From 9296c3546667e31e5cf46acad848d1ddf003402b Mon Sep 17 00:00:00 2001
From: lkcl <lkcl@web>
Date: Wed, 6 Jan 2021 22:50:48 +0000
Subject: [PATCH]

---
 openpower/sv/cr_int_predication.mdwn | 20 +++++++++++++++++---
 1 file changed, 17 insertions(+), 3 deletions(-)

diff --git a/openpower/sv/cr_int_predication.mdwn b/openpower/sv/cr_int_predication.mdwn
index 62f907736..18c08e5e8 100644
--- a/openpower/sv/cr_int_predication.mdwn
+++ b/openpower/sv/cr_int_predication.mdwn
@@ -37,7 +37,7 @@ this gets particularly powerful if data-dependent predication is also enabled.
 
 # Bit ordering.
 
-IBM chose MSB0 for the OpenPOWER v3.0B specification.  This makes things slightly hair-raising.  Our model initially therefore to follow the logical progression from the defined behaviour of `mtcr` and `mfcr` etc.  

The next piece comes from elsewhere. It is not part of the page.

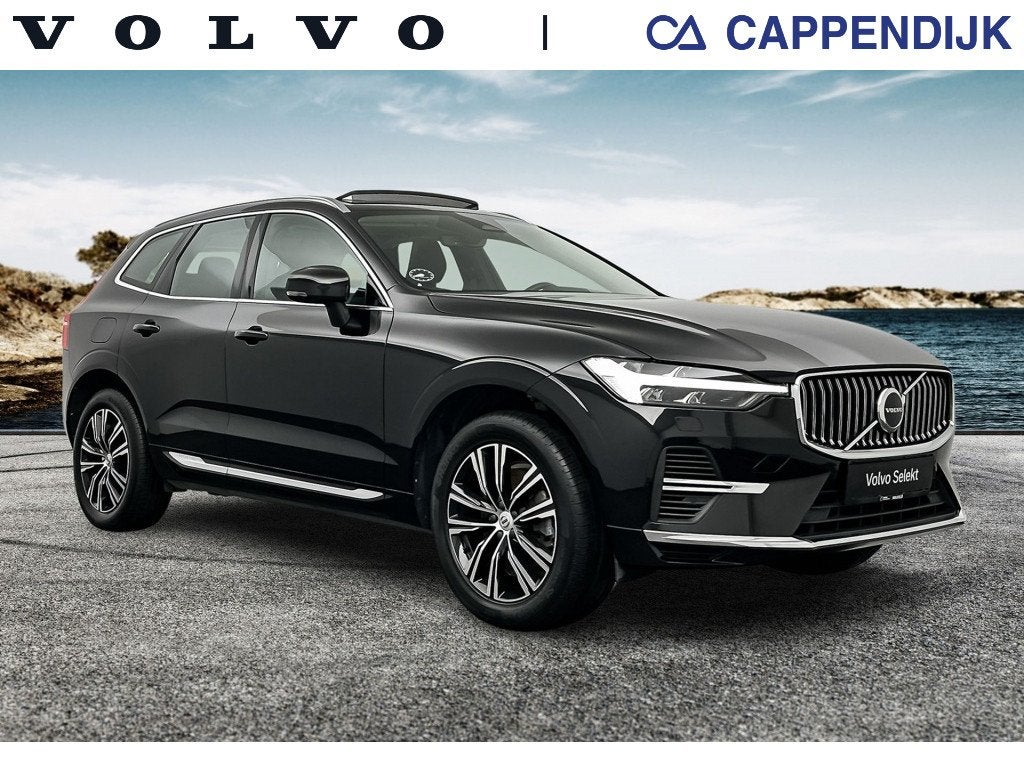 Volvo XC60 T6 398pk Recharge Plus Bright|, Automaat, Dealer onderhouden, Gebruikt, Euro 6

+IBM chose MSB0 for the OpenPOWER v3.0B specification.  This makes things slightly hair-raising.  Our desire initially is therefore to follow the logical progression from the defined behaviour of `mtcr` and `mfcr` etc.  
 In [[isa/sprset]] we see the pseudocode for `mtcrf` for example:
 
     mtcrf FXM,RS
@@ -46,9 +46,23 @@ In [[isa/sprset]] we see the pseudocode for `mtcrf` for example:
       if FXM[n] = 1 then
         CR[4*n+32:4*n+35] <- (RS)[4*n+32:4*n+35]
 
-This places (according to a mask schedule) `CR0` into MSB0-numbered bits 32-35 of the target Integer register `RS`, these bits of `RS` being the 31st down to the 28th.  Unfortunately, even when not Vectorised, this inserts CR numbering inversions on each batch of 8 CRs, massively complicating matters.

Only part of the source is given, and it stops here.